American Tire Distributors Inc. was upgraded by Moody's to Caa1 and a stable outlook, from Caa3 and a negative outlook, as the company's operations have pointed to positive free cash flow and better liquidity than earlier in the year. The company's first-lien first-out term loan was also raised to Caa1 from Caa3, and its first-lien second-out term loan was elevated to Caa2 from Ca.

Moody's said American Tire has managed demand volatility in 2020 "effectively," with the company's single-digit improvement in units shipped "well-ahead of" replacement tire shipments for the broader U.S. industry, which through the first nine months of the year is running down roughly 10% compared to 2019. Moody's also noted that the company has a "strong market position" as a distributor of consumer replacement tires with a national footprint.

The rating agency anticipates that cost savings initiated in 2020 will carry over into 2021, including having optimized network routes and rationalized its sales force.

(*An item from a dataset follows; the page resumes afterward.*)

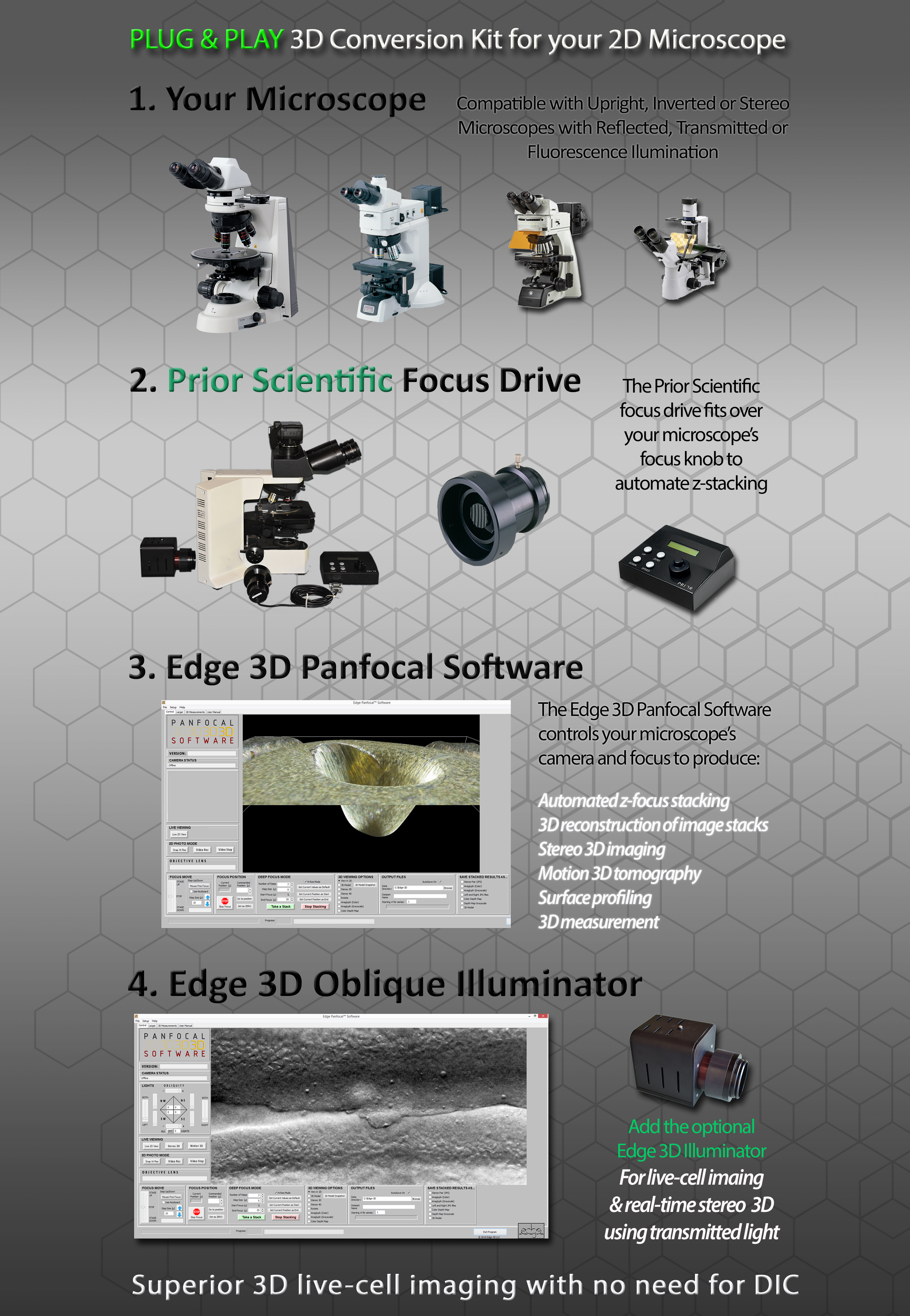 Edge-3d-microscope-Panfocal-Flyer-Long-Website-home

That should result in improved operating margins and reduced leverage, ending at around mid-6x debt-to-EBITDA by the end of 2021. Moody's believes the company's liquidity is "adequate" through 2021, while both 2020 and 2021 free cash flow are expected to be positive.

Huntersville, N.C.-based American Tire is a wholesale distributor of tires, custom wheels and related tools. After going through a bankruptcy in 2018, the company is owned by a consortium of investors.